The problem = An exact copy is required of every line from the one with "Napco Reclining Fairy" through the end of the data below, and the pictures must stay out of it.

---------- Given data ----------

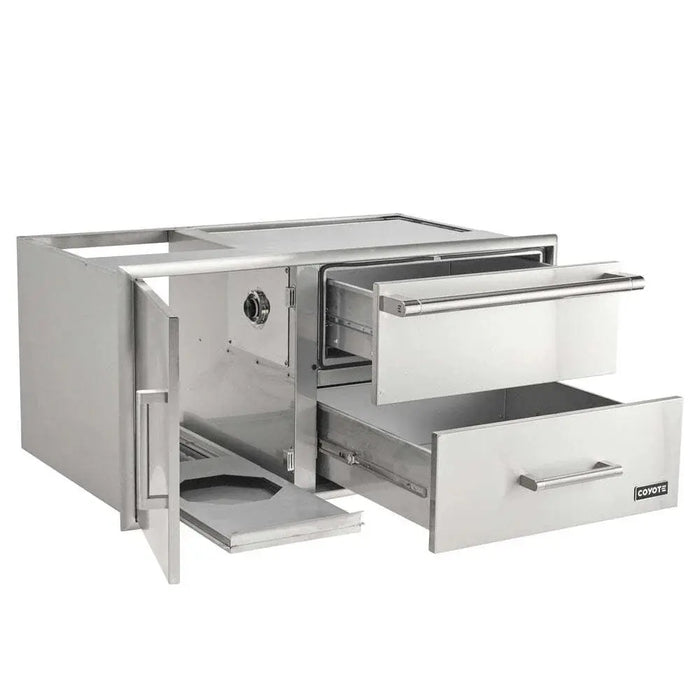 Coyote Outdoor 42" Access Door With Storage & Warming Drawer Combo - C3-CDWD Coyote Outdoor Living Dreamwood Living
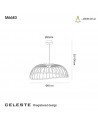 Celeste Pendant 81cm Round, 40W LED, 3000K, 2800lm, Black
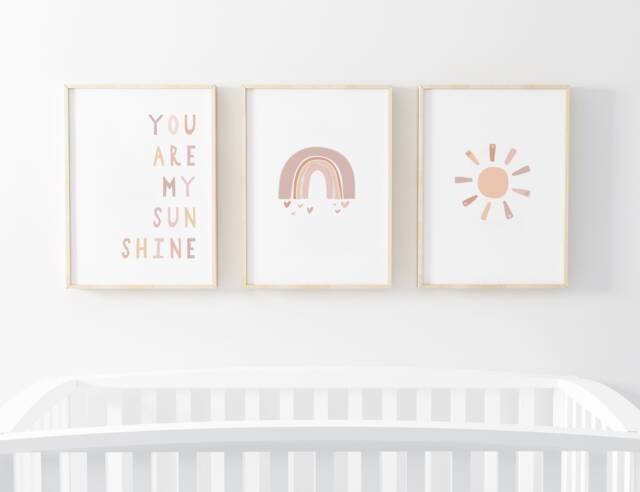 Neutral Rainbow Sun Prints - Set Of 3, You Are My Sunshine, Baby Girl Print, Nursery Prints, Wall Art, New Baby, Kids Bedroom, Gift - image 1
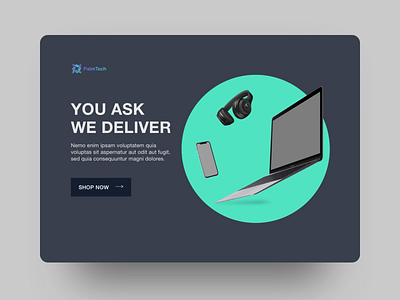 PalmTech - Welcome Page daily design daily ui desktop desktop design ecommerce index page startup tech ui uiux welcome page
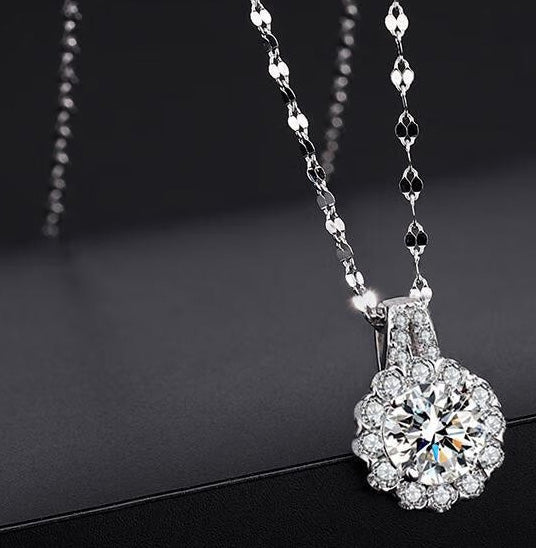 Radiant Halo Pendant Necklace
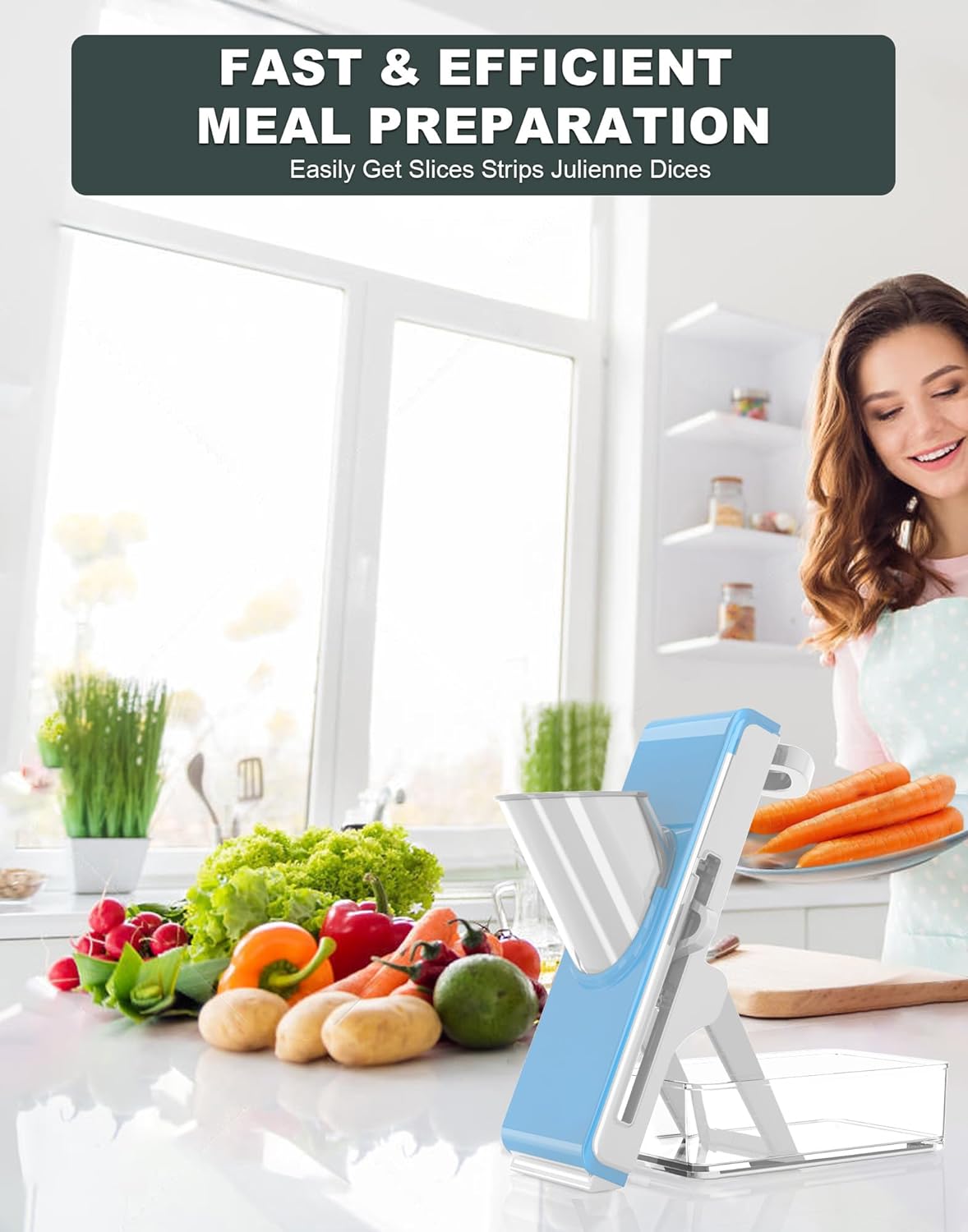 Eletronova Safe Mandoline Slicer for Kitchen, Vegetable Slicer with Container, French Fry Cutter, All in 1 Julienne Slicer for Potato, Thickness Adjustable, Detachable Blade (Gray)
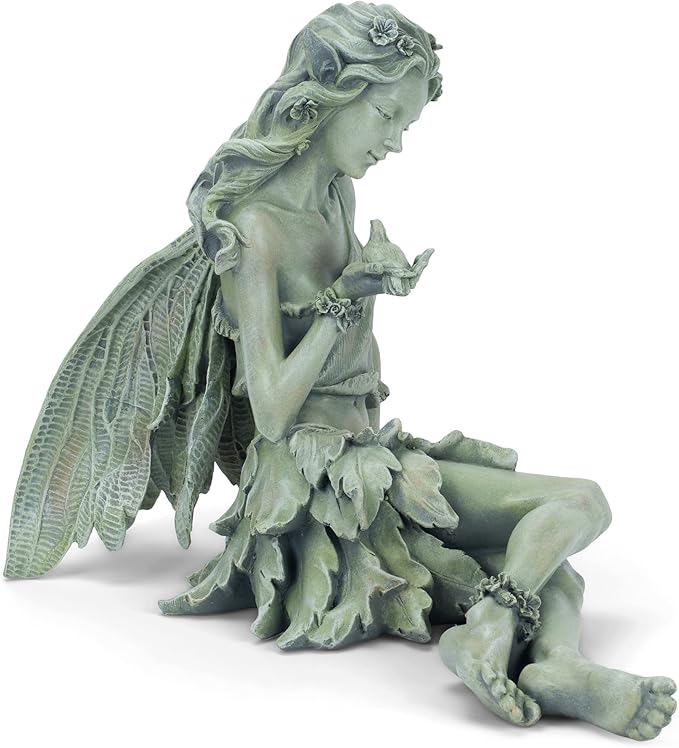 Napco Reclining Fairy with Bird 12 x 18.5 Inch Green Resin Cast Garden Statue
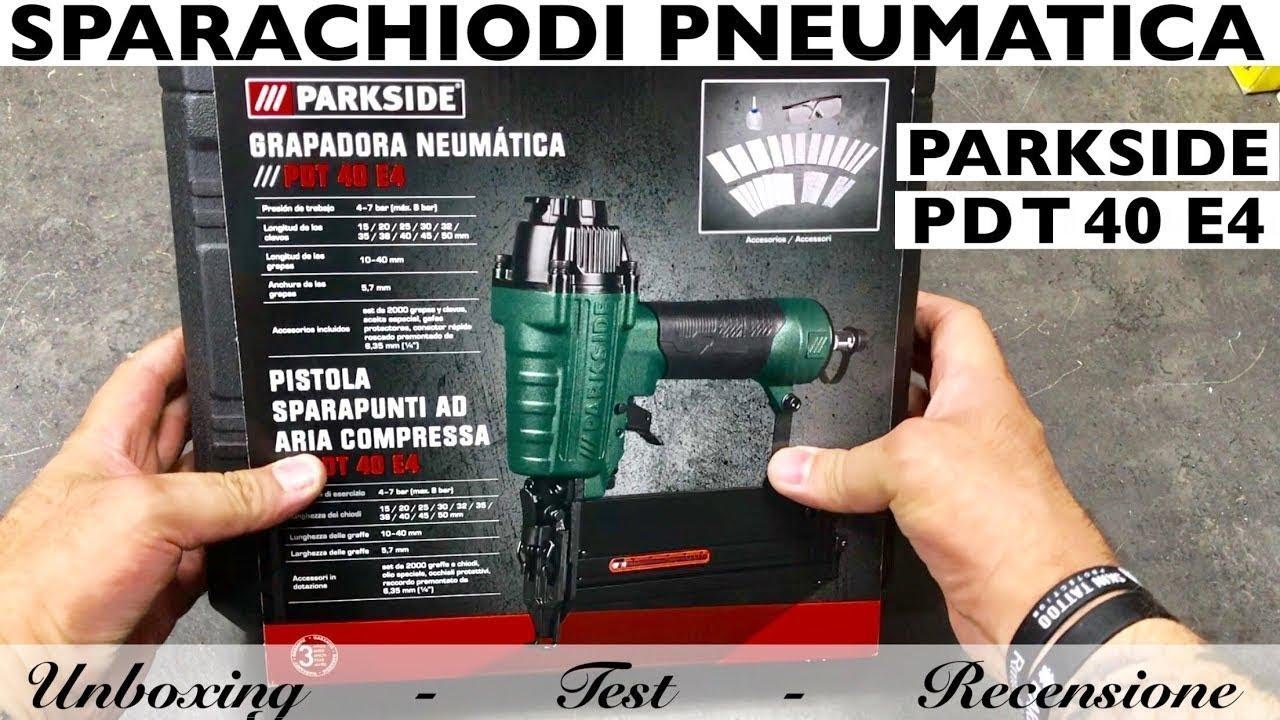 Pistola SPARAPUNTI PARKSIDE. lidl, ad aria compressa . PDT 40 F4. SPARACHIODI PNEUMATICA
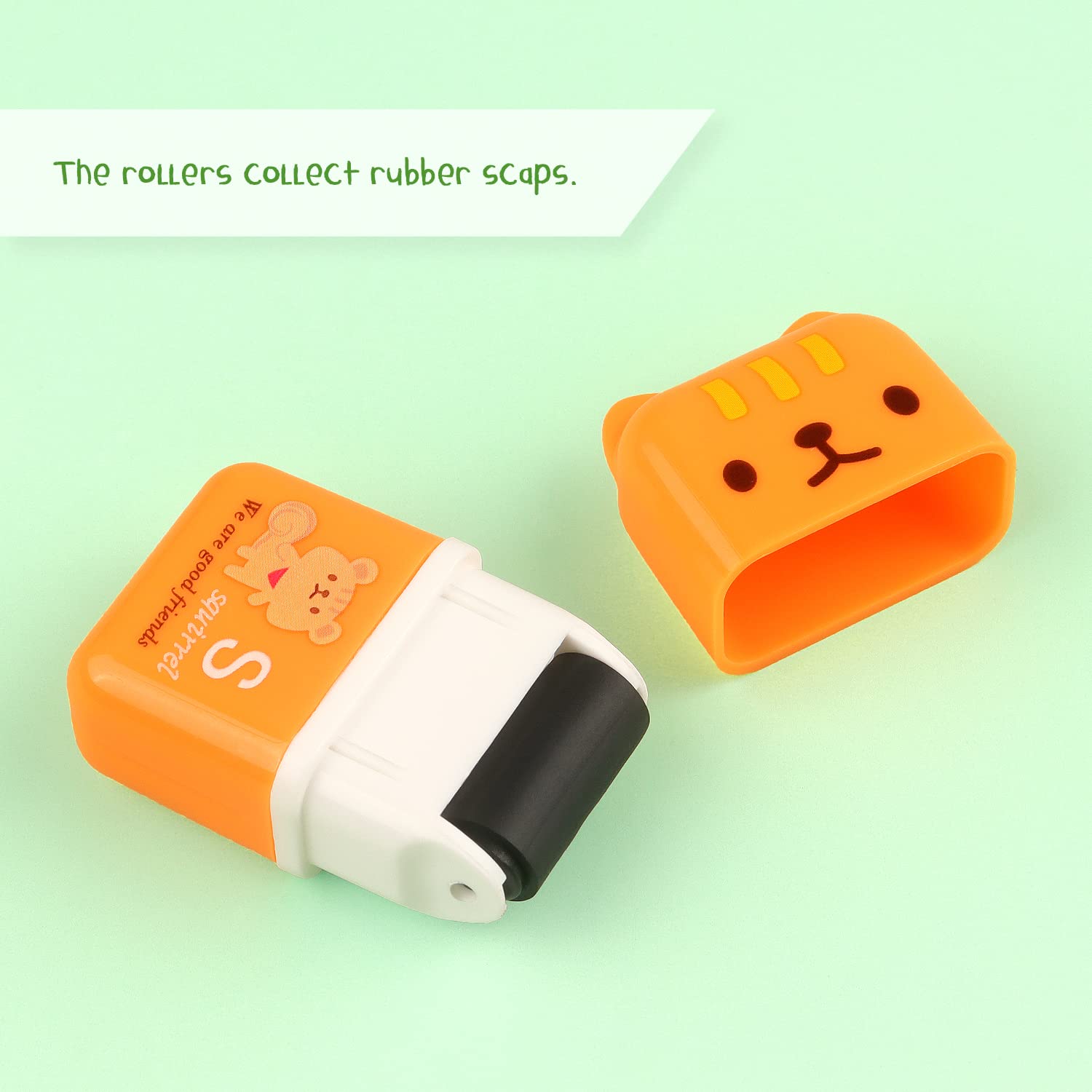 Erasers with cover and roller help clean up eraser fragments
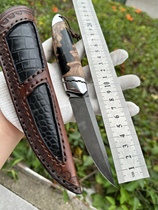Uzi steel iron snowflake Nordic small straight knife outdoor handmade knife portable self-defense collection camping knife factory direct sale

----------

Solution to the exercise =
 Napco Reclining Fairy with Bird 12 x 18.5 Inch Green Resin Cast Garden Statue
 Pistola SPARAPUNTI PARKSIDE. lidl, ad aria compressa . PDT 40 F4. SPARACHIODI PNEUMATICA
 Erasers with cover and roller help clean up eraser fragments
Uzi steel iron snowflake Nordic small straight knife outdoor handmade knife portable self-defense collection camping knife factory direct sale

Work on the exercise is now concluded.